:: WHAT YOU HAVE TO DO ::
Could the lines from the line bearing "足球宝贝明星图片,足球明星写真大全高清" to the end of the records below be copied exactly, with the pictures left out and no other lines added?

#### GIVEN DATA

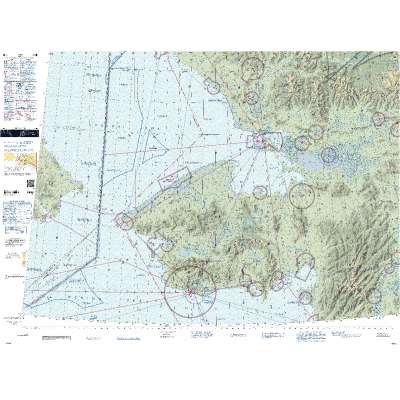 Sectional Charts :FAA Chart: VFR Sectional NOME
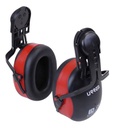 URREA Orejera montable para casco / 29 Db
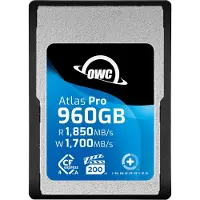 OWC 960GB Atlas Pro CFexpress Type A VPG200 geheugenkaart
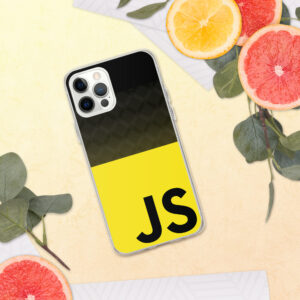 JavaScript iPhone Case JavaScript iPhone Case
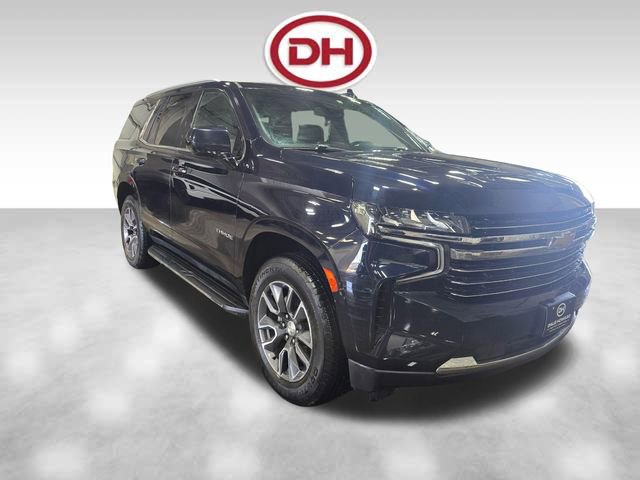 Used 2021 Chevrolet Tahoe LT AWD/4WD image 2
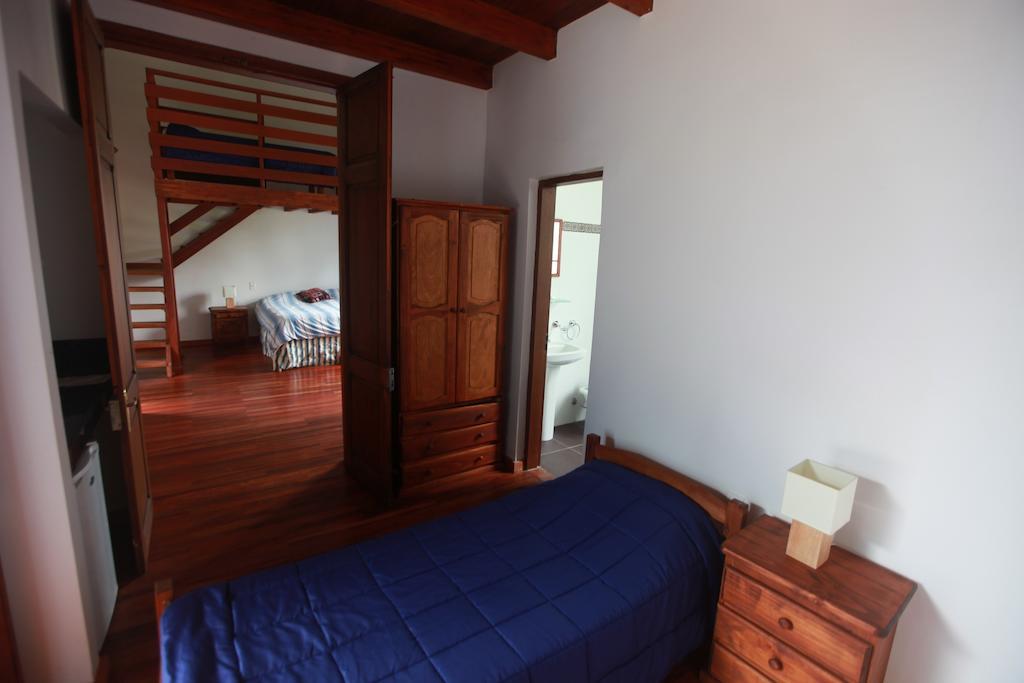 Estancia Termal San Nicanor Termas de San Nicanor Habitación foto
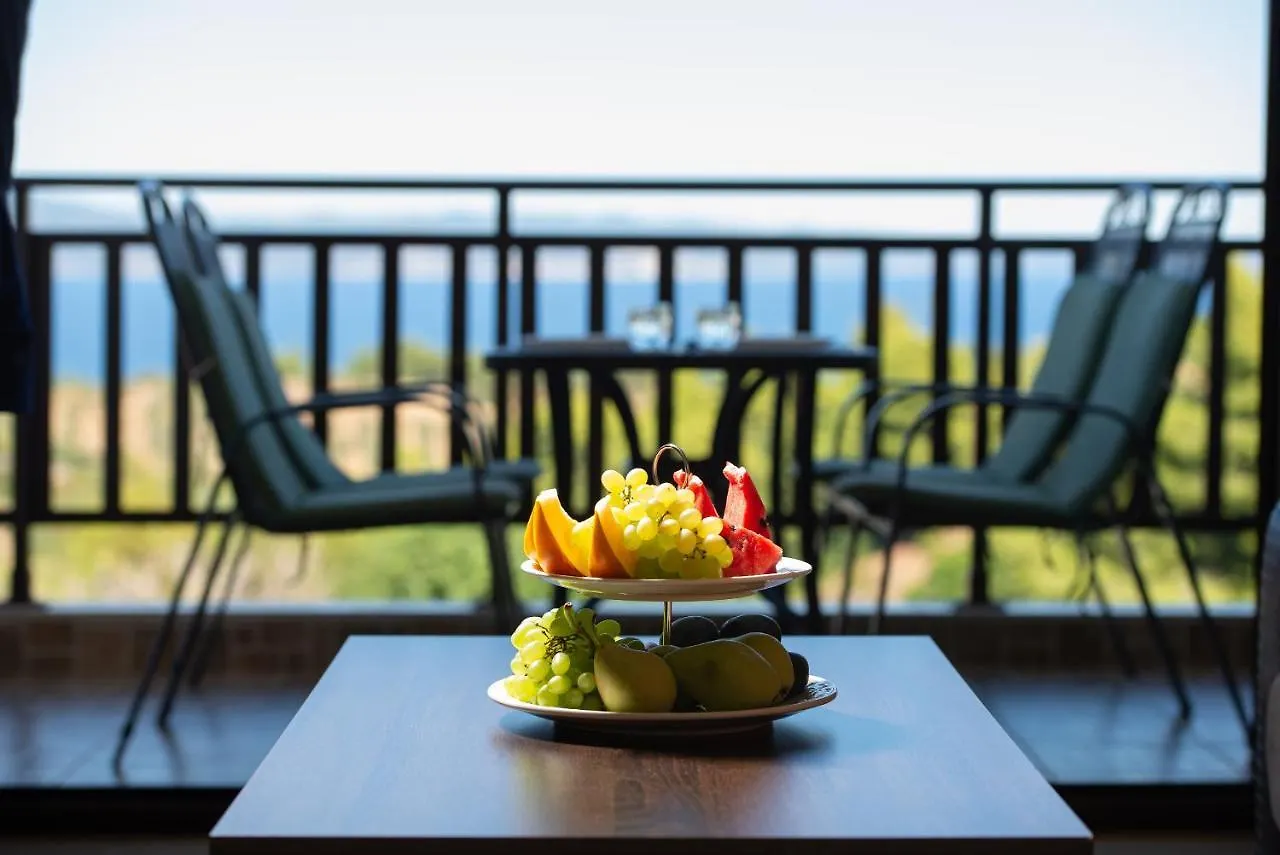شقة Xalonia Seaview آغيوس نيكولاوس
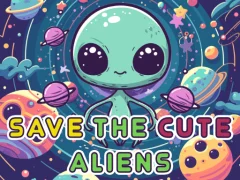 Juego Save The Cute Aliens en línea
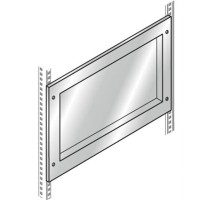 Панель глухая углубленая,нерж.ст.500х800  EH5084X  ABB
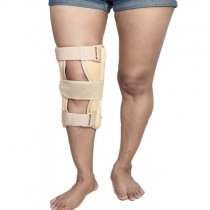 Acco Knee Brace(Short Type-12.5 inches)(Large)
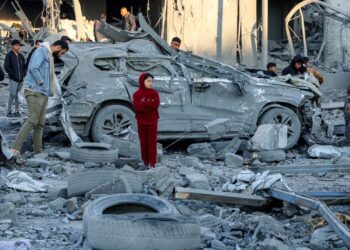 السلطة الفلسطينية: لم نتلق أي تفاصيل عن مفاوضات صفقة غزة قبل اليوم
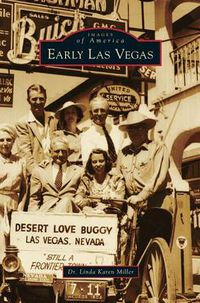 Cover image for Early Las Vegas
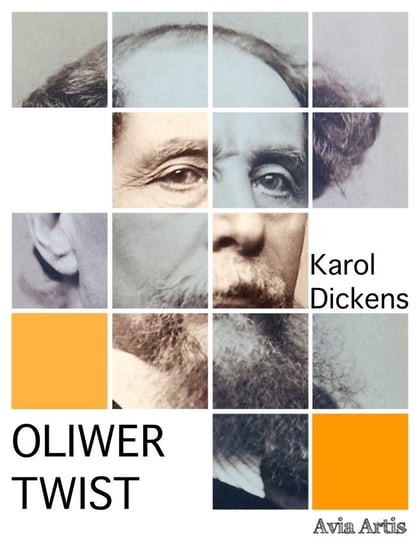 Oliwer Twist - ebook mobi Dickens Charles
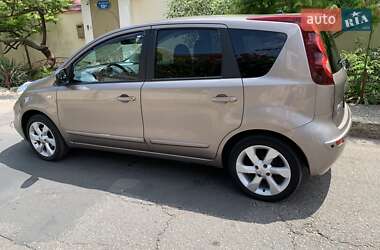 Хэтчбек Nissan Note 2009 в Одессе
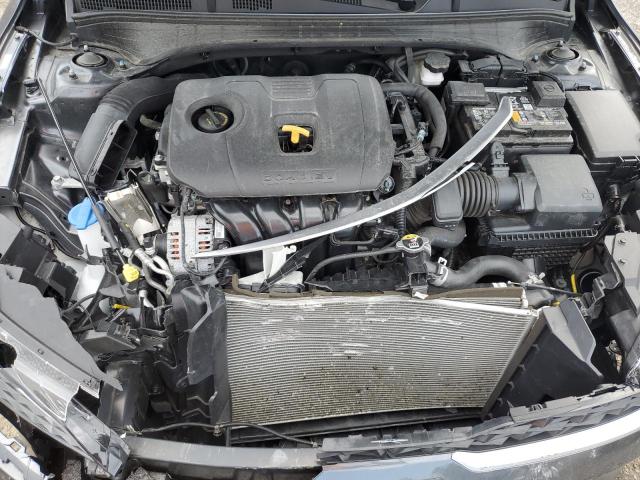 2024 KIA FORTE LX - 3KPF24AD5RE784712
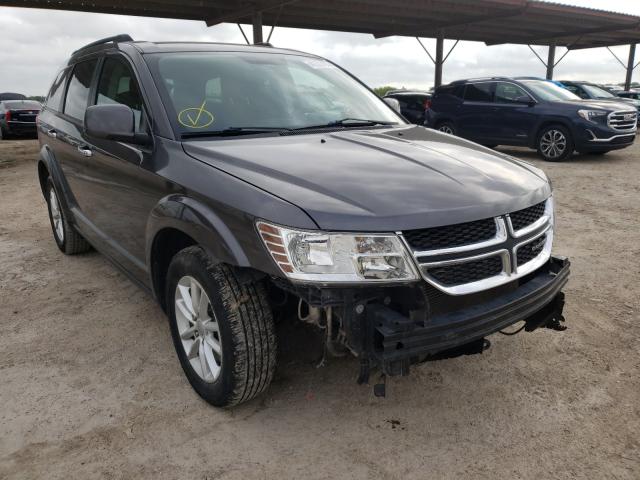 DODGE JOURNEY SX 2014 3c4pddbg9et230439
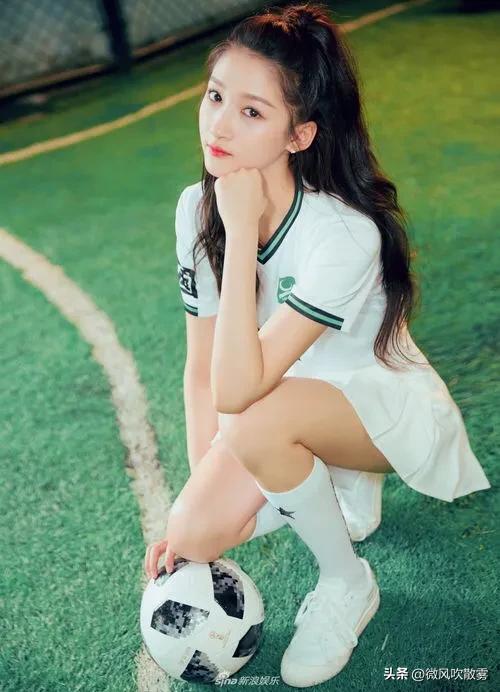 足球宝贝明星图片,足球明星写真大全高清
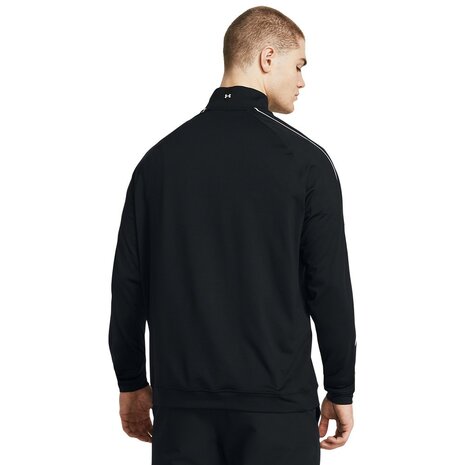 Heren Under Armour Midlayer Zwart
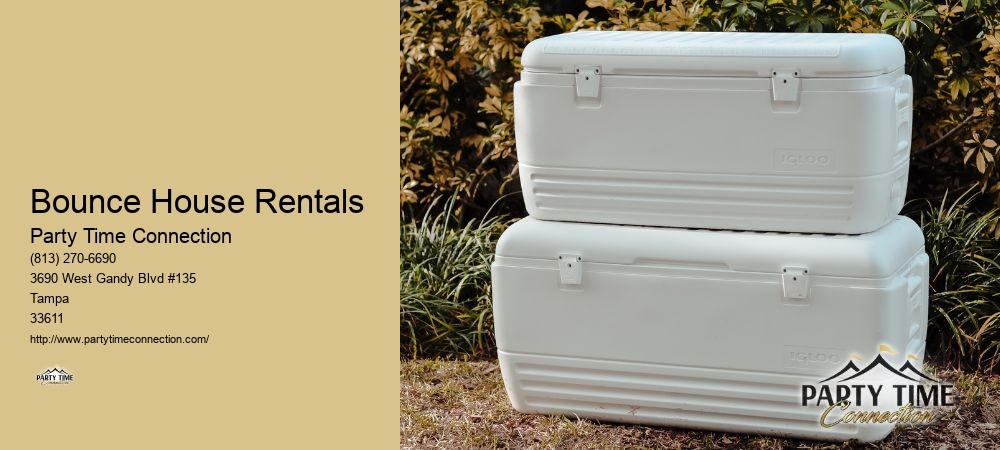 Affordable Event Rentals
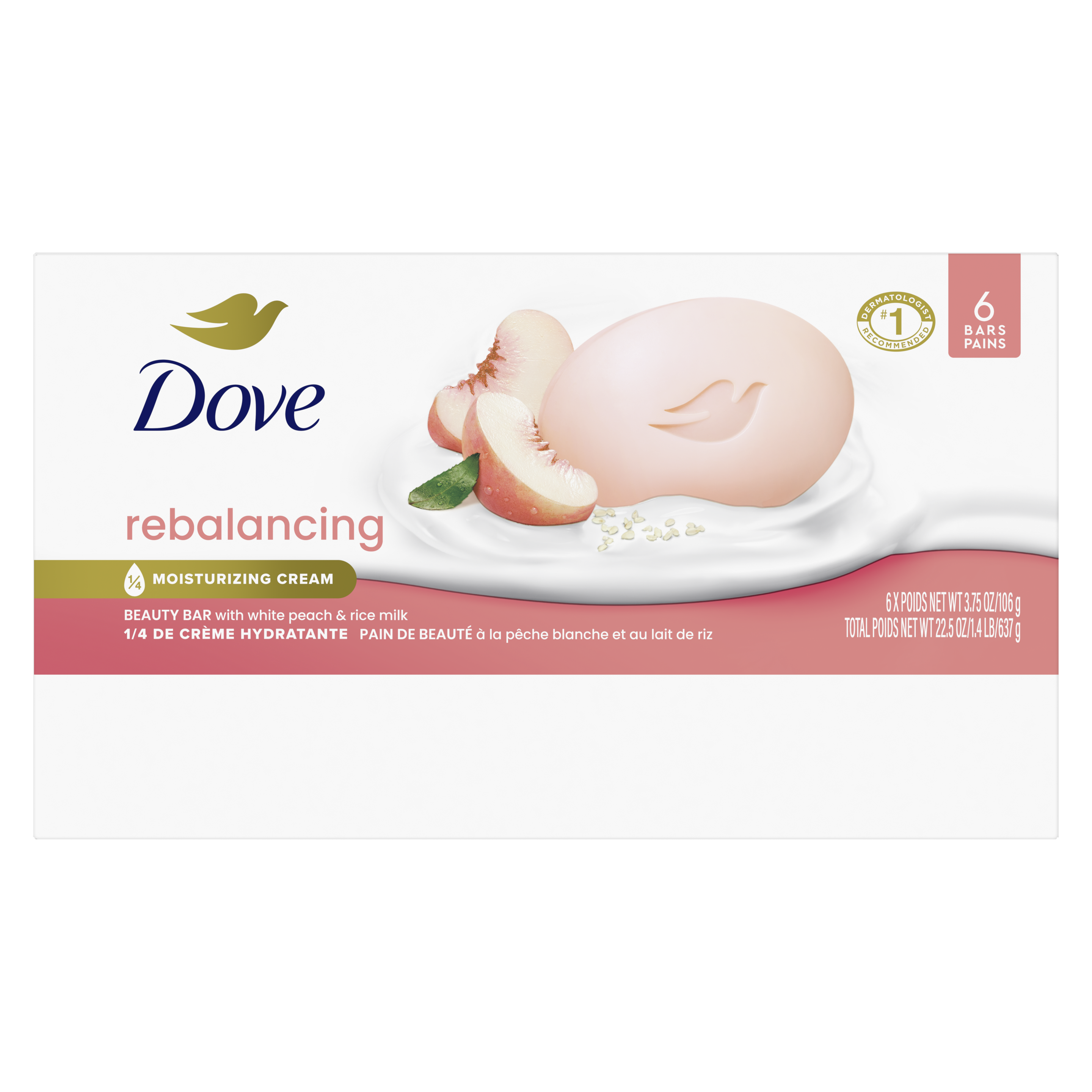 Rebalancing Beauty Bar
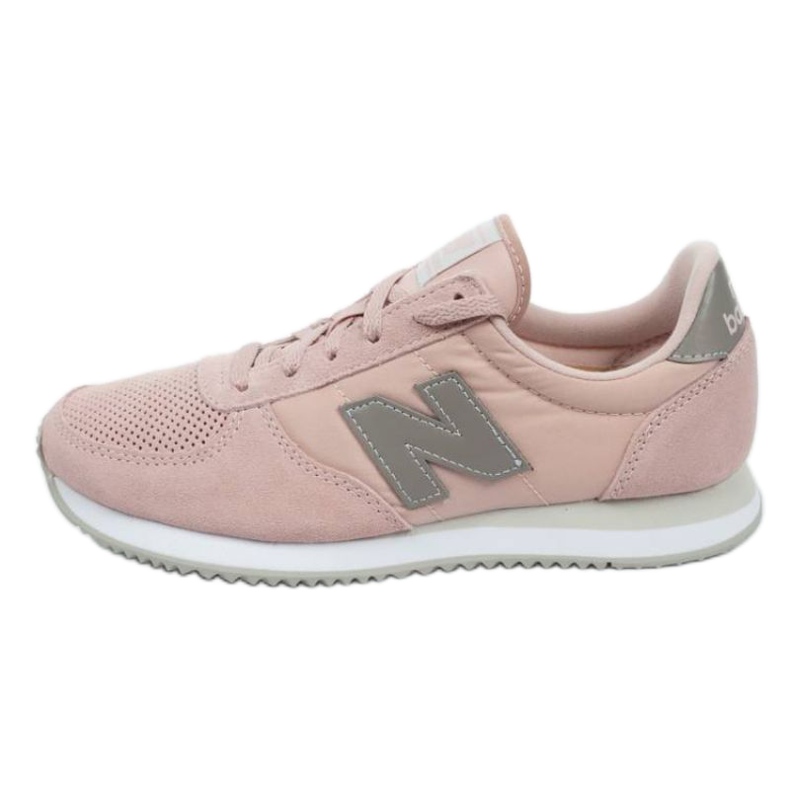 New Balance W WL220TE Shoes pink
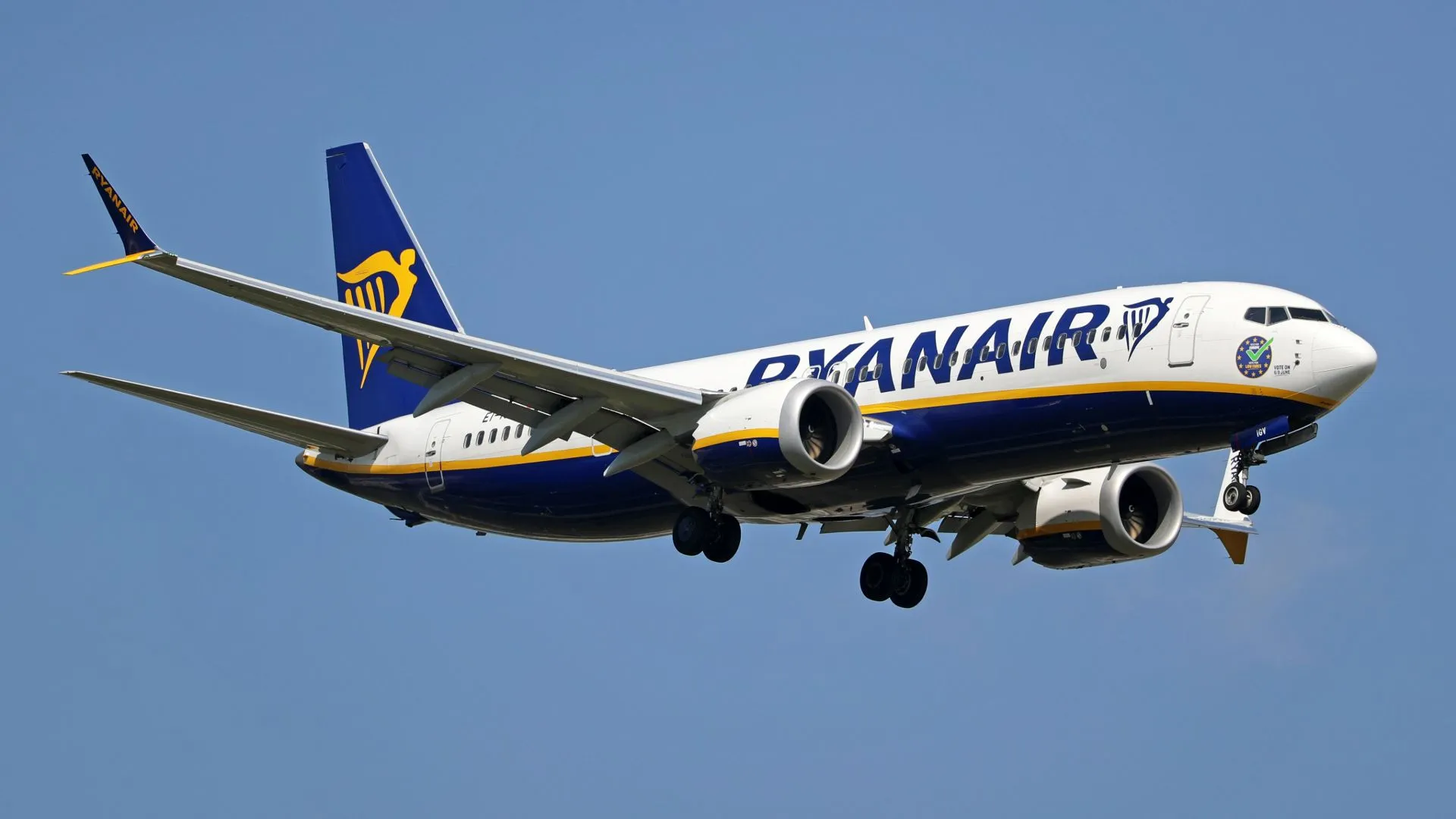 Let op: Ryanair waarschuwt voor vluchtannuleringen op deze luchthaven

########

:: RESPONSE AREA ::
 足球宝贝明星图片,足球明星写真大全高清
 Heren Under Armour Midlayer Zwart
 Affordable Event Rentals
 Rebalancing Beauty Bar
 New Balance W WL220TE Shoes pink
 Let op: Ryanair waarschuwt voor vluchtannuleringen op deze luchthaven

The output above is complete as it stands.